**Source material:**

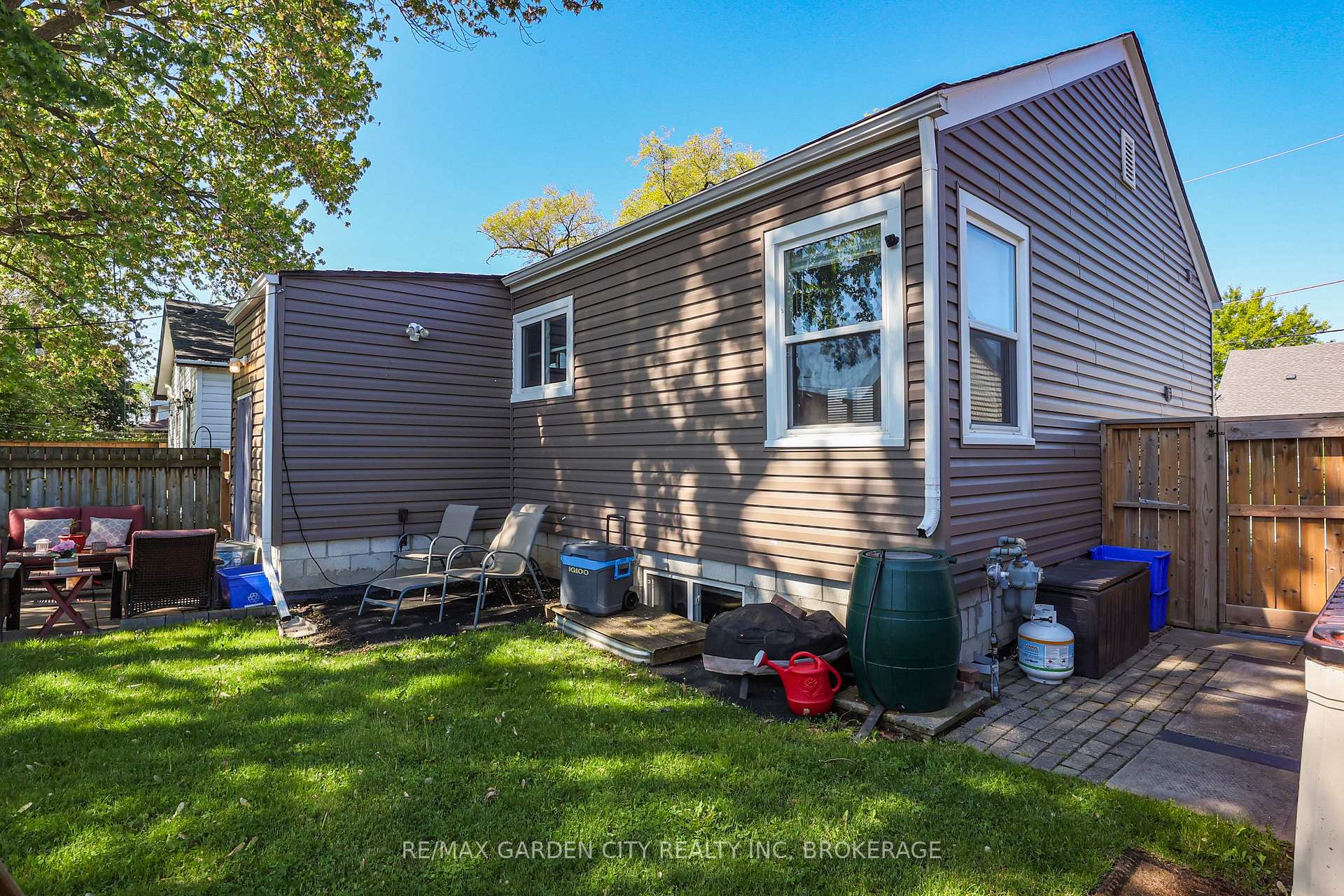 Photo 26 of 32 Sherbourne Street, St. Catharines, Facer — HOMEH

* * *

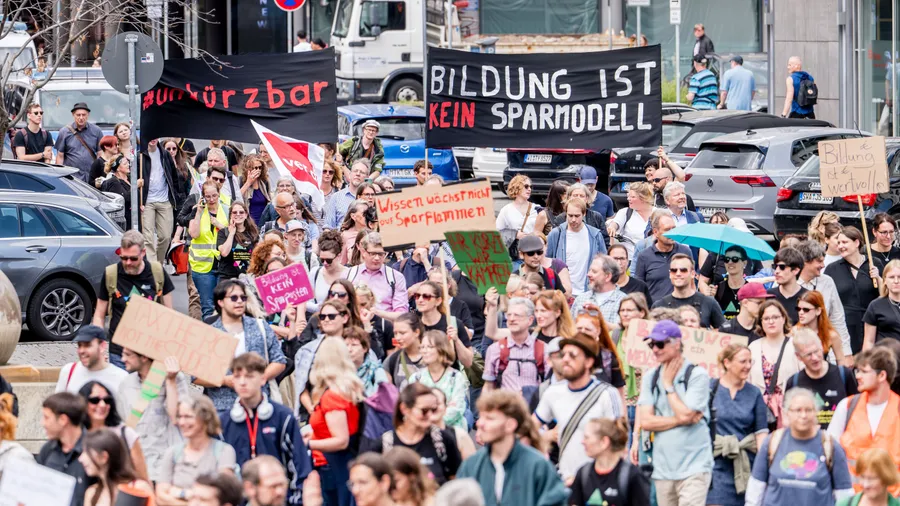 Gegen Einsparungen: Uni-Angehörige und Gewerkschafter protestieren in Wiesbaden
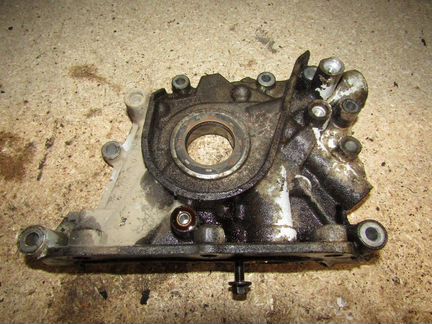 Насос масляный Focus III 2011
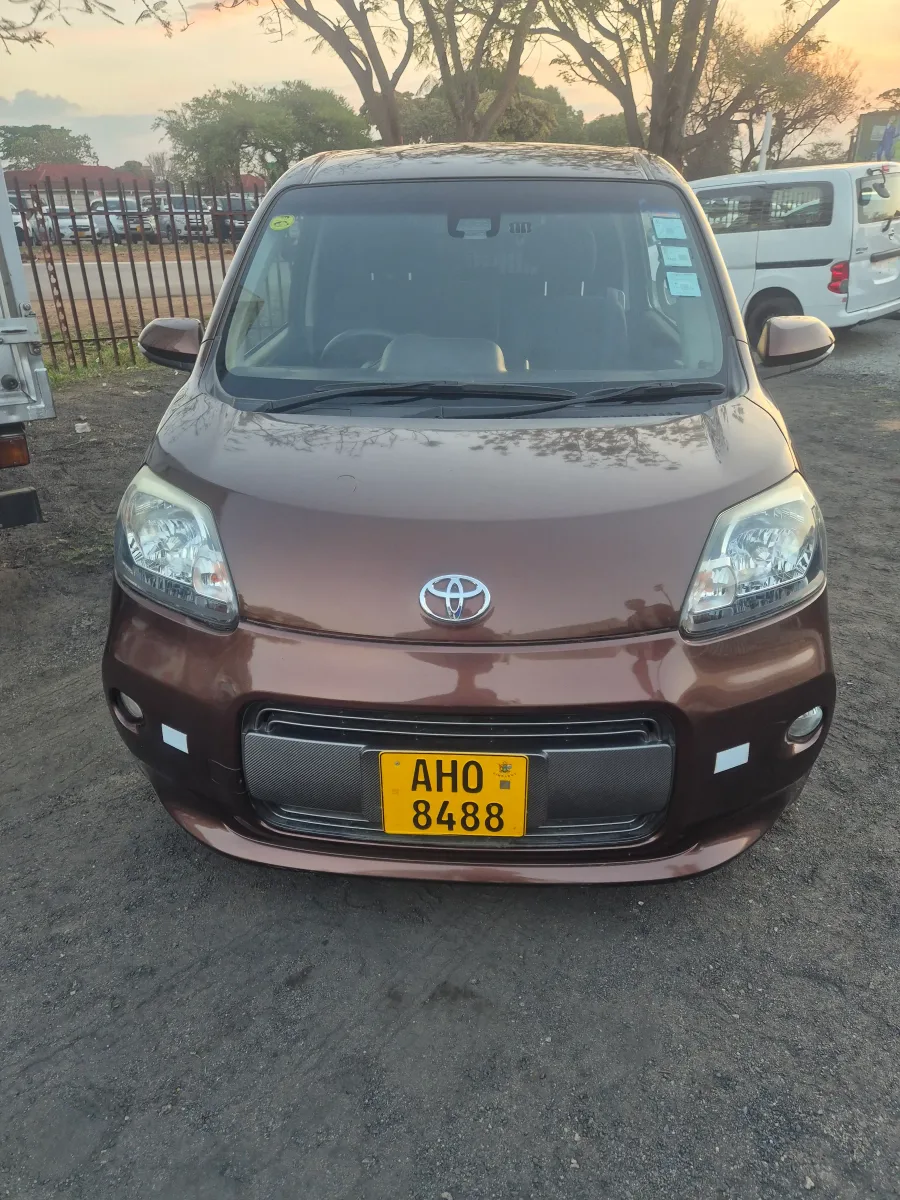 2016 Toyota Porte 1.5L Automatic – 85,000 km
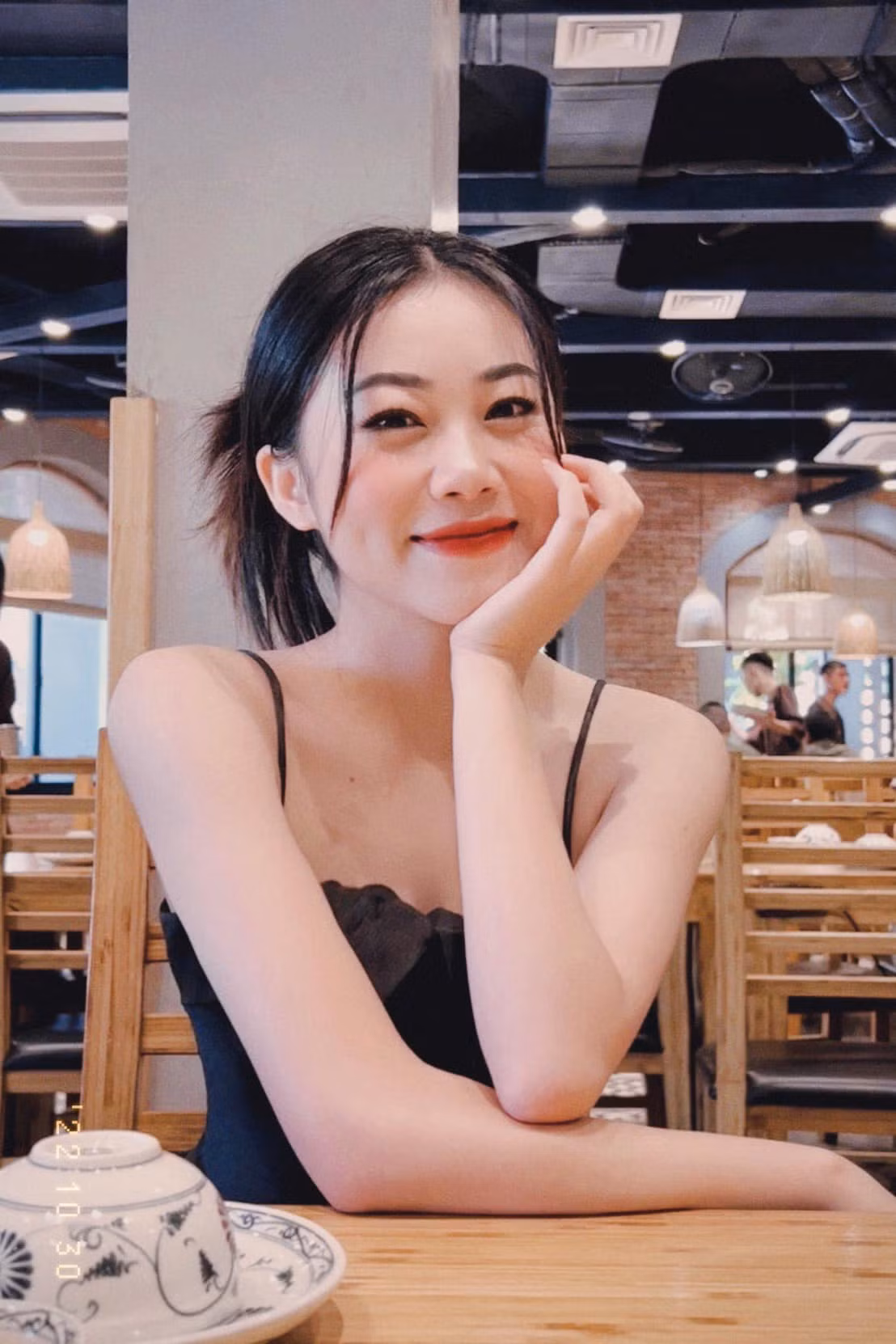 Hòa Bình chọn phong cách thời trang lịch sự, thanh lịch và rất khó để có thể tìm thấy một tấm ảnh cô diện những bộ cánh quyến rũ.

**Activity:**
Start with the line with "Gegen Einsparungen: Uni-Angehörige" in the listing above and stop after the line with "Hòa Bình chọn". Write out exactly the lines in that stretch and no others, without pictures.

**Written response:**
 Gegen Einsparungen: Uni-Angehörige und Gewerkschafter protestieren in Wiesbaden
 Насос масляный Focus III 2011
 2016 Toyota Porte 1.5L Automatic – 85,000 km
 Hòa Bình chọn phong cách thời trang lịch sự, thanh lịch và rất khó để có thể tìm thấy một tấm ảnh cô diện những bộ cánh quyến rũ.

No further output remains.